I'm having trouble understanding the Bool.reflect class. I understand the concept of reflection as explained in Logic Foundations (e.g. in https://softwarefoundations.cis.upenn.edu/lf-current/Logic.html), but I'm confused about the typeclass implementation in the standard library. How can I take a boolean equality for something that is an instance of Bool.reflect and lift it to a proposition?

Perhaps more concretely. Say for strings in the standard library, which are an instance of Bool.reflect. How could I prove something like this?

Lemma reflect_equality_string (x y : string) (H: String.eqb x y = true) : x = y.

It seems like the two lemmata Bool.reflect_iff or Bool.iff_reflect should be what allows me to do this, but they don't seem to work and I don't understand why. Can someone help me out here? Thanks!
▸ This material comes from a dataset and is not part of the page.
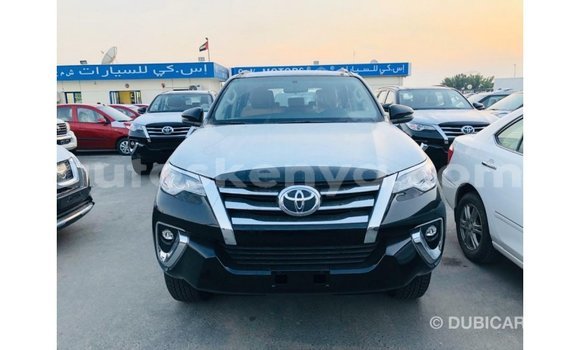 Imported Toyota Fortuner Black Makiinaa iti Import - Dubai keessatti Central Kenya keessatti Imported Toyota Fortuner Black Makiinaa iti Import - Dubai keessatti Central Kenya keessatti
view this post on Zulip Ali Caglayan (Aug 09 2021 at 12:37):

https://coq.inria.fr/library/Coq.Structures.Equalities.html#EqbSpec

view this post on Zulip Ali Caglayan (Aug 09 2021 at 12:38):

So for strings: https://coq.inria.fr/library/Coq.Strings.String.html#eqb_eq

view this post on Zulip Ali Caglayan (Aug 09 2021 at 12:41):

reflect_iff are specific cases of reflect for the iff boolean operator <->

view this post on Zulip Ali Caglayan (Aug 09 2021 at 12:44):

The way the equality lemma for strings work is that they do a destruct (eqb_spec s1 s2) leading to two cases. https://github.com/coq/coq/blob/master/theories/Strings/String.v#L73

view this post on Zulip Ali Caglayan (Aug 09 2021 at 12:44):

if they are equal, the the hypothesis proves what you want

view this post on Zulip Ali Caglayan (Aug 09 2021 at 12:44):

if they are not then it should contradict your hypothesis H

view this post on Zulip Andrés Goens (Aug 09 2021 at 13:31):

Thanks for the pointer! So it's not really using the Bool.reflect typeclass? Because those (String.eqb_eq and String.eqb_neq are defined and proved directly for String.eqb). I thought somehow that you would get those "automatically" from the typeclass.
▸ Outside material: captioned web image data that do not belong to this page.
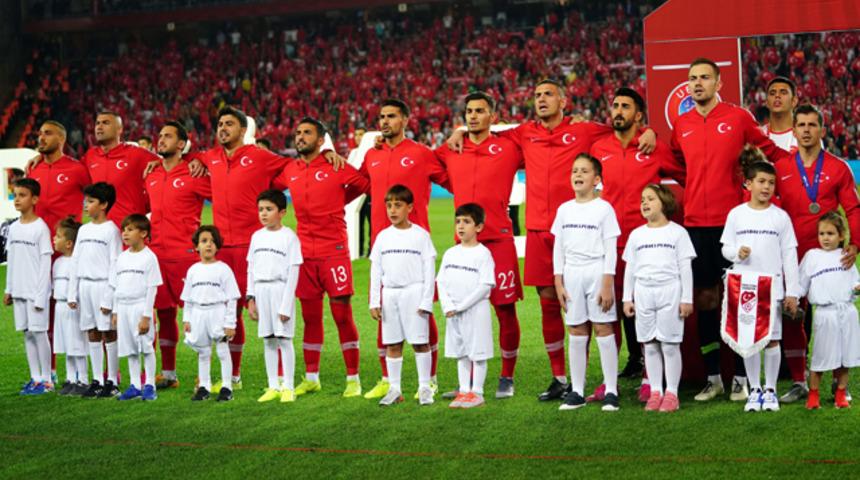 A Milli Takım, liderlik için sahaya çıkıyor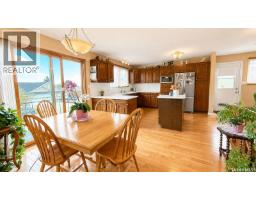 Living room - 31 Riverbend Crescent, Battleford, SK S0M0E0 Photo 10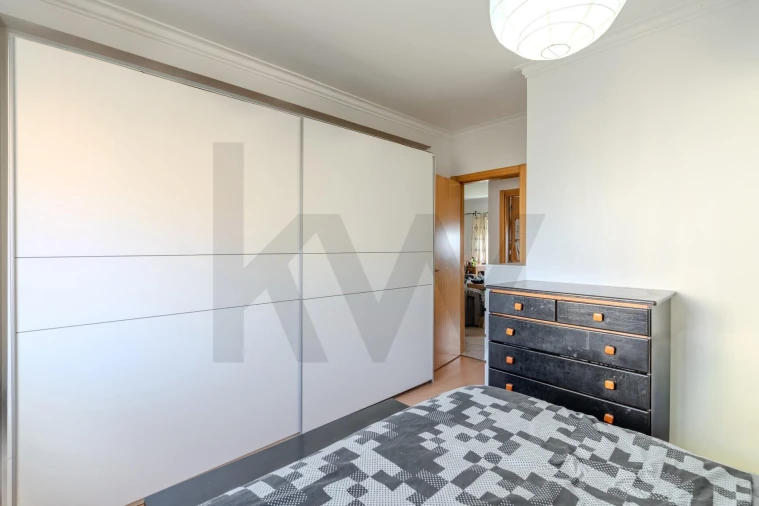 Apartamento T2 para Venda em Quinta do Conde Foto 19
view this post on Zulip Paolo Giarrusso (Aug 10 2021 at 00:48):

https://coq.inria.fr/library/Coq.Bool.Bool.html#reflect is not declared as a typeclass. Have you (or the stdlib) made it into one via Existing Class and Existing Instances?
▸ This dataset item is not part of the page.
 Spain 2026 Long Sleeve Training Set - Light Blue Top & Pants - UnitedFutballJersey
view this post on Zulip Andrés Goens (Aug 10 2021 at 07:42):

you're absolutely right, it's not. I have no idea why I thought it was, I guess I assumed it and didn't really notice it was not the case. Then that settles my confusion, thanks :sweat_smile:

view this post on Zulip Notification Bot (Aug 10 2021 at 07:43):

Andrés Goens has marked this topic as resolved.